Storing Ingestion Status in Firestore

There are two ways a file can be ingested from GCS - via pubsub (fired when a new GCS file is created) or via a catchup loop which scans the last N days worth of files and makes a synthetic event for any that were missed.

We need to keep track of which files have been ingested and which have not to avoid extra effort. In general, ingesters should be tolerant of seeing the same file multiple times, but by tracking which have been ingested already, we can keep these duplicated events to a minimum (e.g. event fires exactly as when the scanner processes a file).

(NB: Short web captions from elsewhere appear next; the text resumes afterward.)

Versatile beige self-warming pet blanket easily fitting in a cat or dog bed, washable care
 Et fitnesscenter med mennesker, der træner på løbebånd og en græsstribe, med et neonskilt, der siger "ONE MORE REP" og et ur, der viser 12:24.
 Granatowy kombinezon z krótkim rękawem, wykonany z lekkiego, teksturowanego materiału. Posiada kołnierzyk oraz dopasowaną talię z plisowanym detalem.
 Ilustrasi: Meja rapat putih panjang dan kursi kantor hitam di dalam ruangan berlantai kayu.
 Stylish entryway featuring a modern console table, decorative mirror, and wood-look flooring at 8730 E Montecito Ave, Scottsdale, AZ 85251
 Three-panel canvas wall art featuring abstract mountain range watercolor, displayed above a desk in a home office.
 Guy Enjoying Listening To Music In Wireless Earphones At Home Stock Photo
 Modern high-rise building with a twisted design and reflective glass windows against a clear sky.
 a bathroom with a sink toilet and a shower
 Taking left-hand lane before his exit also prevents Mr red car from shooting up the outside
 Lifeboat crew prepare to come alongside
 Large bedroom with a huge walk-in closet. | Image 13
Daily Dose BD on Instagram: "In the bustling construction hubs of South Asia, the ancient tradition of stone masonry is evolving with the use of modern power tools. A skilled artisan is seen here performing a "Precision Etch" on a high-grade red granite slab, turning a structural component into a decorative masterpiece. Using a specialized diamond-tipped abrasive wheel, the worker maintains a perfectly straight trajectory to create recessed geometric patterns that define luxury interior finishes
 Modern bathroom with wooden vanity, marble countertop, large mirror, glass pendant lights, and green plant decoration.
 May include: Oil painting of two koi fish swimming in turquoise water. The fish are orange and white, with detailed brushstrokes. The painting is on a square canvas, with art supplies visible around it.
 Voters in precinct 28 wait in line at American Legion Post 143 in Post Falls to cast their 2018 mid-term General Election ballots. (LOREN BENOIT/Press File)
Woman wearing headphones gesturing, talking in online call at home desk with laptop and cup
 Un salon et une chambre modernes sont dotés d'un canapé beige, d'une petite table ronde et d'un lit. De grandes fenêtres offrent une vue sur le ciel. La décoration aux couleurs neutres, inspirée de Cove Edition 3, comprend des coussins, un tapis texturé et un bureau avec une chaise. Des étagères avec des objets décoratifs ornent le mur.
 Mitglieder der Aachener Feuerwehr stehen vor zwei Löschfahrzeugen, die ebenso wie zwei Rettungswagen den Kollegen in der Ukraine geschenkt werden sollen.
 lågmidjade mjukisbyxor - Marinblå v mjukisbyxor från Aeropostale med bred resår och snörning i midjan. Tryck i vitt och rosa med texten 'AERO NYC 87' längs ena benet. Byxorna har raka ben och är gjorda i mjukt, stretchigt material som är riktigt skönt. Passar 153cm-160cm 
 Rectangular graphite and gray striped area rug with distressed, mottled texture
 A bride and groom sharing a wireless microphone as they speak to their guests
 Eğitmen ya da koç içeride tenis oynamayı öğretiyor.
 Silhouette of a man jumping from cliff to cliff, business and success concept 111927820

A core assumption of Gold is that files won‘t change after uploading. We include the MD5 hash in all calculations on the off chance there are changes (and we can’t just use the MD5 hash for fear of collisions), but that's not the primary consideration for this store.

Schema

In the spreadsheet metaphor, Firestore Collections are tables and Documents are the rows, with the fields of the Documents being the columns.

The schema here is pretty straightforward, with the following ingestedEntry Documents:

ID           string  # autogenerated
IngestedFile string  # FileName + "|" + MD5Hash

Indexing

Simple Indices should be fine.

Usage

We simply query a given filename + md5 hash combination and see if it exists. No need to cache anything unless it becomes a performance bottleneck.